Synthetic division, also known as Ruffini's rule, is a shortcut method for dividing a polynomial (a mathematical expression with two or more terms) by a binomial (a mathematical expression with two terms). It's called "synthetic" because it's a quick way to do division without actually writing out the long division problem.

Let's say we have a polynomial expression, like "3x^3 + 5x^2 - 2x + 7", and we want to divide it by "x - 2". To do this using synthetic division, we first write down the polynomial and the binomial in a special way:

3 5 -2 7 | x^3 + x^2 - 2x + 7 |************_************ | x - 2 |************_************

Next, we divide the first term of the polynomial (3x^3) by the first term of the binomial (x). This gives us 3. We then write the 3 in the top row, under the division sign.

Next, we multiply the binomial (x - 2) by the 3 that we just found.

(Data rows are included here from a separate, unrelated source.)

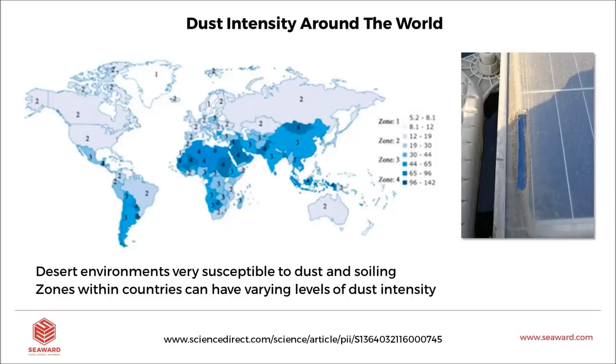We can look at dust intensity around the globe with a dust intensity map that measures the micron layer of dust, giving an average for each area. The darker the zone on the map, the worse the dust and soiling will be. North Africa is very dark — very high intensity. Similarly, parts of Argentina, Chile, and Mongolia. The United States shows relatively low dust intensity overall, but we have to localize that — California is very different. Greenland and Iceland are low for dust but high for snow coverage. O&M plans should not be uniform across all projects.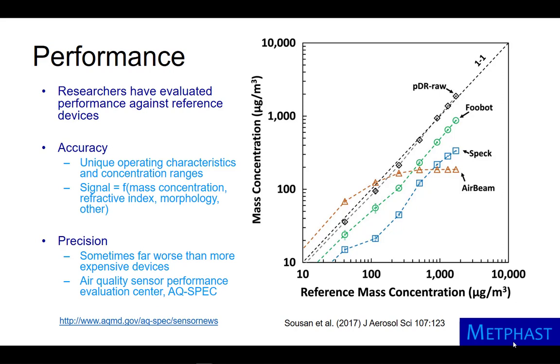For example, in the plot, the FUBOT compares well to the reference over a large concentration range, up to 1,000 micrograms per meter cubed. In contrast, the AirBeam does not respond to mass concentrations greater than 150 micrograms per meter cubed. The reason for this discrepancy is unknown, but we suspect that there are too many particles in the detection region.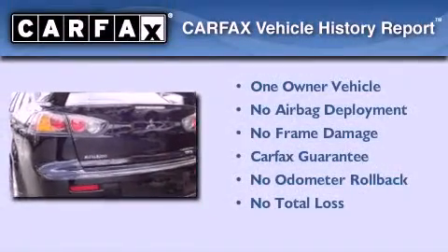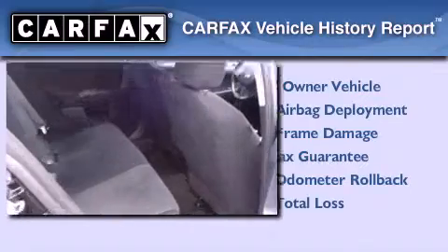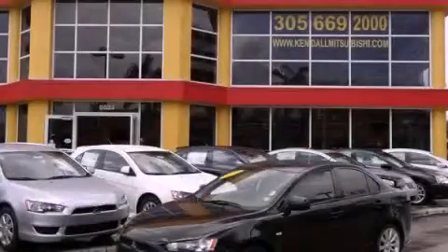This Mitsubishi has had only one owner and it qualifies for the Carfax buyback guarantee. Contact us today and schedule your opportunity to see this vehicle in person.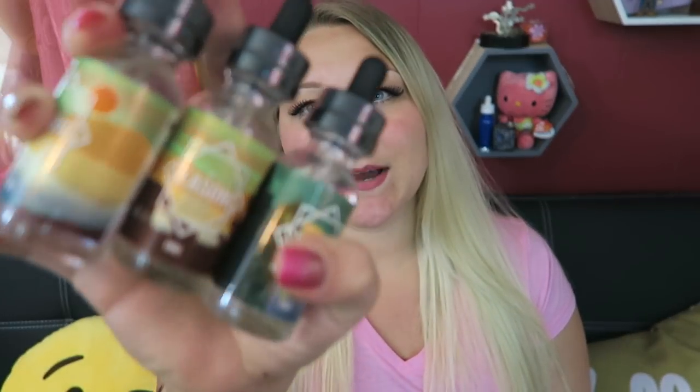It's officially summer next week, so I thought these e-liquids were appropriate. Hey vapers, welcome back to my channel. Today's video is all about Bonsai Seasons summer flavors.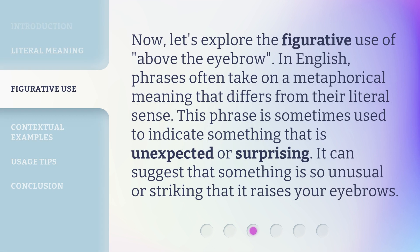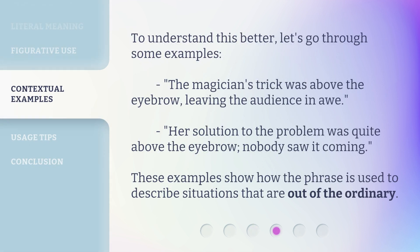Now, let's explore the figurative use of 'Above the Eyebrow.' In English, phrases often take on a metaphorical meaning that differs from their literal sense. This phrase is sometimes used to indicate something that is unexpected or surprising — it can suggest that something is so unusual or striking that it raises your eyebrows. For example: 'The magician's trick was above the eyebrow, leaving the audience in awe.' Or: 'Her solution to the problem was quite above the eyebrow — nobody saw it coming.' These examples show how the phrase is used to describe situations that are out of the ordinary.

This gives us "3x - 6". We write this product under the polynomial expression.

Next, we add the polynomial and the product, and write the result in the next line.

3 5 -2 7 | x^3 + x^2 - 2x + 7 |************_************ | x - 2 |************_************ 3 2x^2 - 2x + 1

We repeat this process for the next term in the polynomial (5x^2), dividing it by x and then multiplying it by the binomial. We then add this to the result, and repeat the process for each term of the polynomial.

3 5 -2 7 | x^3 + x^2 - 2x + 7 |************_************ | x - 2 |************_************ 3 2x^2 - 2x + 1 |**_ | -10x + 13 |**__**** | -3x + 4 |****_**** | 11 |****_****

After we've done the last step, we can see that the answer to our division problem is "3x^2 - 2x + 1, with a remainder of 11".

So, synthetic division is a quick and easy way to divide a polynomial by a binomial. Instead of writing out the long division problem, we just write the polynomial and binomial in a special way, divide the first term of the polynomial by the first term of the binomial, multiply the binomial by that answer, add the result to the next term of the polynomial, and repeat the process until we've divided all the terms.